DATA EXCERPT —
--- START ---

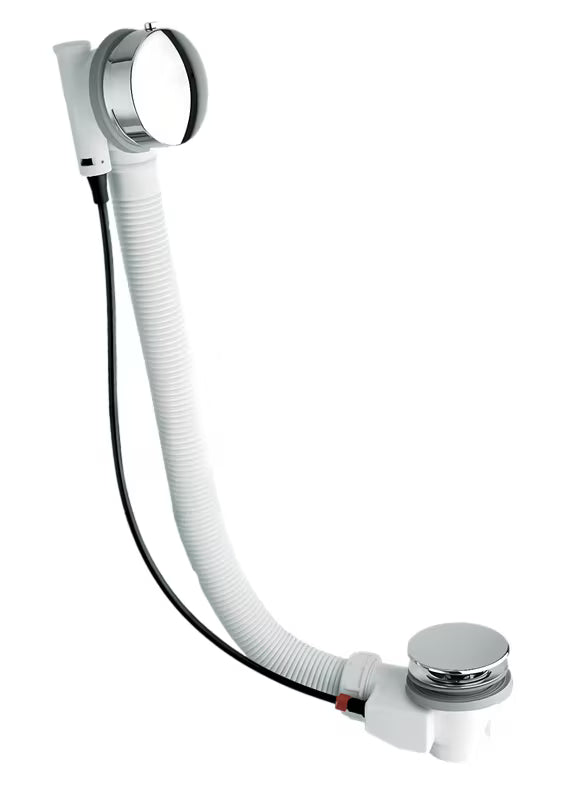 Kromirani sifon za kad avtomatik Silfra s metalnim upravljačkim gumbom i čepom s pokrovčkom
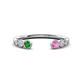 1 - Makena Green Garnet and Pink Sapphire Open Wedding Band 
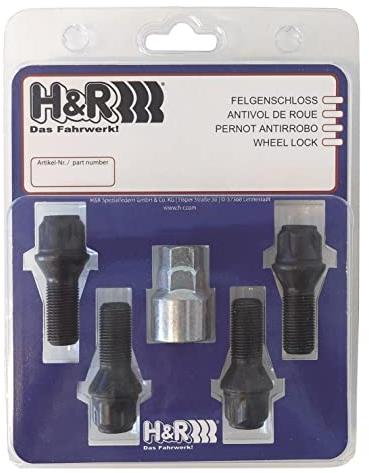 H&R Felgenschloss-Set M12x1.50x30mm Kegelbund Schwarz - 4 Felgenschloss-Schrauben inkl. Adapter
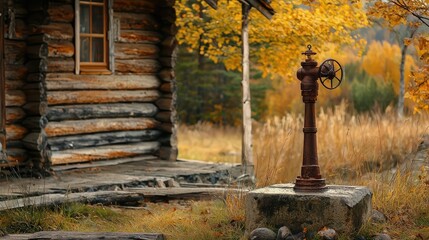 Fototapeta premium Vintage Decorative Pump in Front of Rustic Cabin Surrounded by Autumn Foliage and Golden Grass in a Tranquil Countryside Setting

--- END ---

TASK BRIEF —
Every line from the one containing "1 - Makena Green" to the end of the material above is to be returned exactly, with the pictures left out.

WRITTEN RESPONSE —
 1 - Makena Green Garnet and Pink Sapphire Open Wedding Band 
 H&R Felgenschloss-Set M12x1.50x30mm Kegelbund Schwarz - 4 Felgenschloss-Schrauben inkl. Adapter
 Fototapeta premium Vintage Decorative Pump in Front of Rustic Cabin Surrounded by Autumn Foliage and Golden Grass in a Tranquil Countryside Setting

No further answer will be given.